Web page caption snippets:
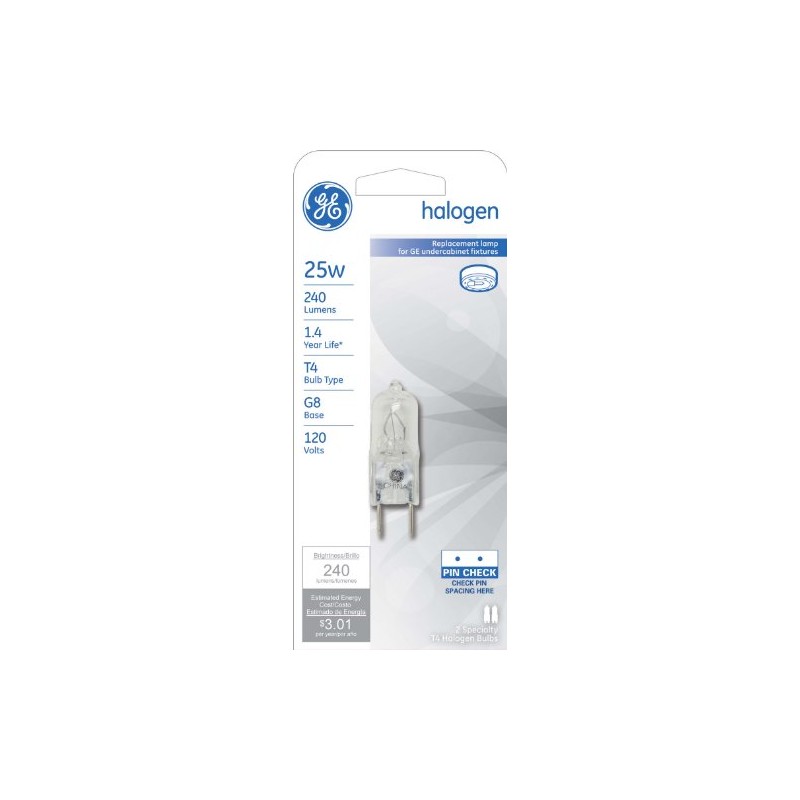 GE 97664 25-Watt 240-Lumen Specialty T4 Halogen Light Bulb, Clear,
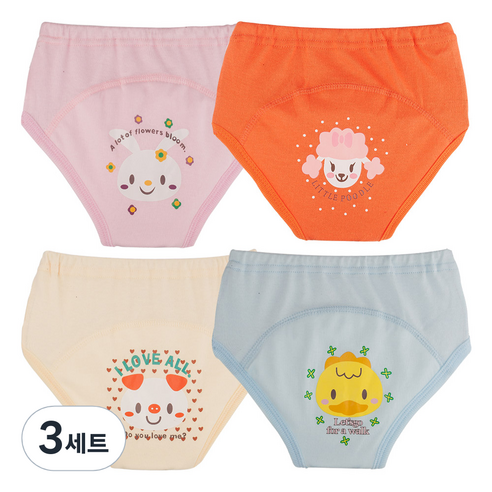 아가짱 캐릭터 배변훈련팬티 4종 세트, A(분홍색, 주황색, 노란색, 하늘색), 3세트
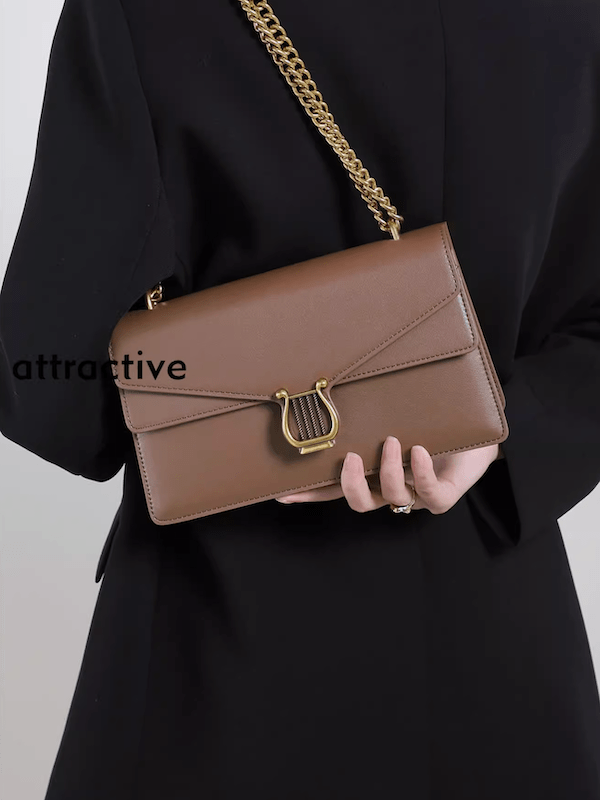 Sleek Metal Decor Flap Chain Leather Bag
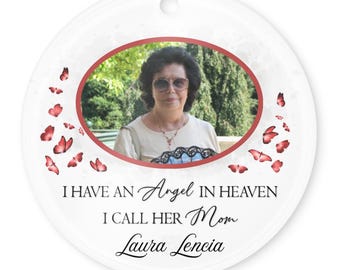 Adorno navideño personalizado en memoria de mamá, homenaje a mamá, adorno personalizado en memoria de mamá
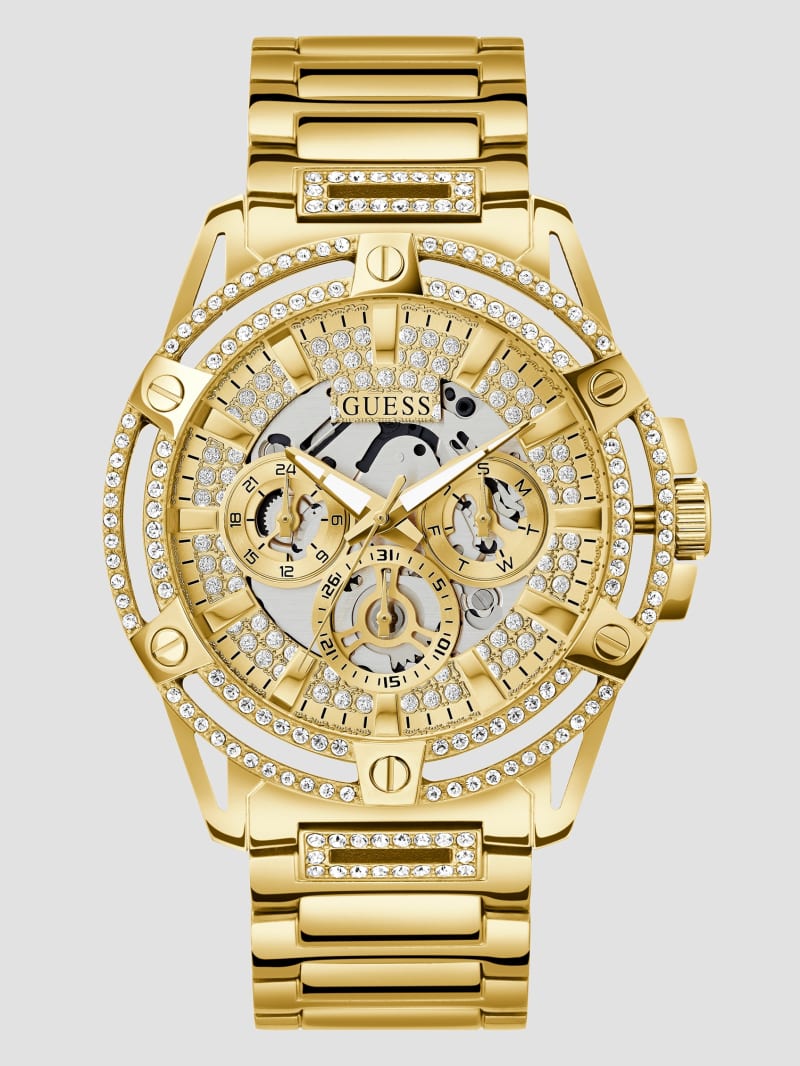 Gold Tone Rhinestone Cut Through Watch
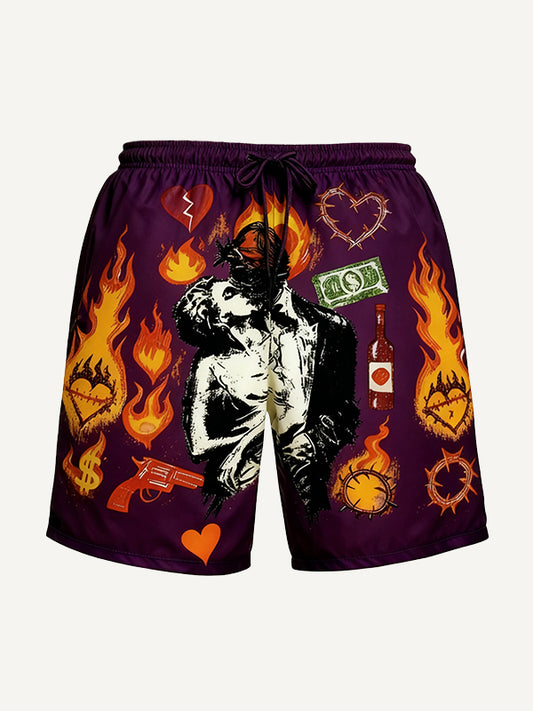 Love is as hot as fire comfortable loose shorts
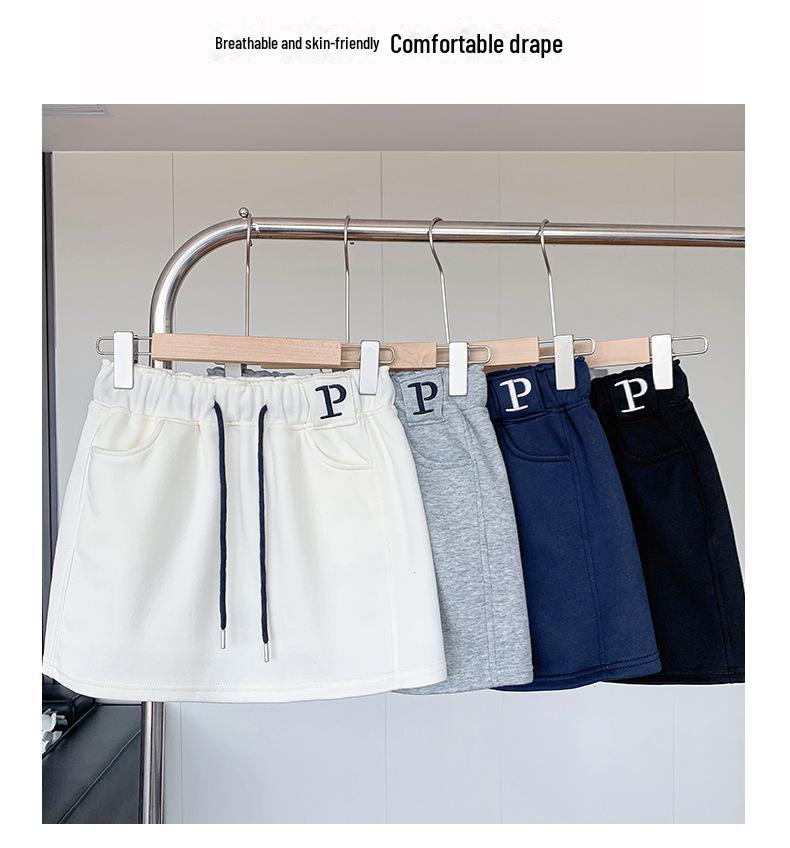 Women's Gray High-Waist A-Line Sports Skirt with Attached Shorts - Spring to Autumn Wear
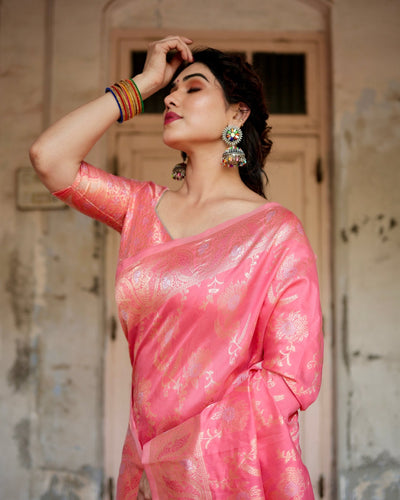 Pure Silk Saree Weaved With Zari Comes With Heavy Banarasi Brocade Blouse - Almaari Fashion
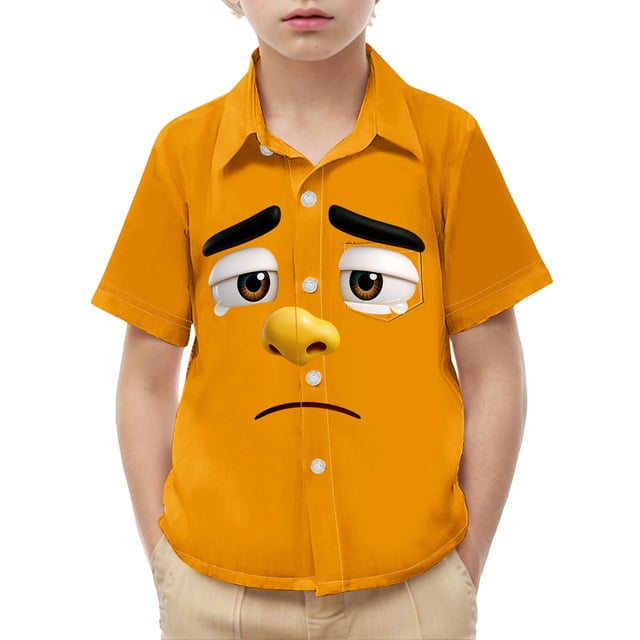 Chemise à Manches Courtes pour Enfants avec Poche et Imprimé, Haut Décontracté à Col Rond pour Garçons et Filles, Âges 2-15 Ans en Vert Armée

> _Requirement_: Leaving out the pictures, restate word for word the lines above from the one containing "Adorno navideño personalizado" through the end of the records, both ends included.

> _Your solution_:
 Adorno navideño personalizado en memoria de mamá, homenaje a mamá, adorno personalizado en memoria de mamá
 Gold Tone Rhinestone Cut Through Watch
 Love is as hot as fire comfortable loose shorts
 Women's Gray High-Waist A-Line Sports Skirt with Attached Shorts - Spring to Autumn Wear
 Pure Silk Saree Weaved With Zari Comes With Heavy Banarasi Brocade Blouse - Almaari Fashion
 Chemise à Manches Courtes pour Enfants avec Poche et Imprimé, Haut Décontracté à Col Rond pour Garçons et Filles, Âges 2-15 Ans en Vert Armée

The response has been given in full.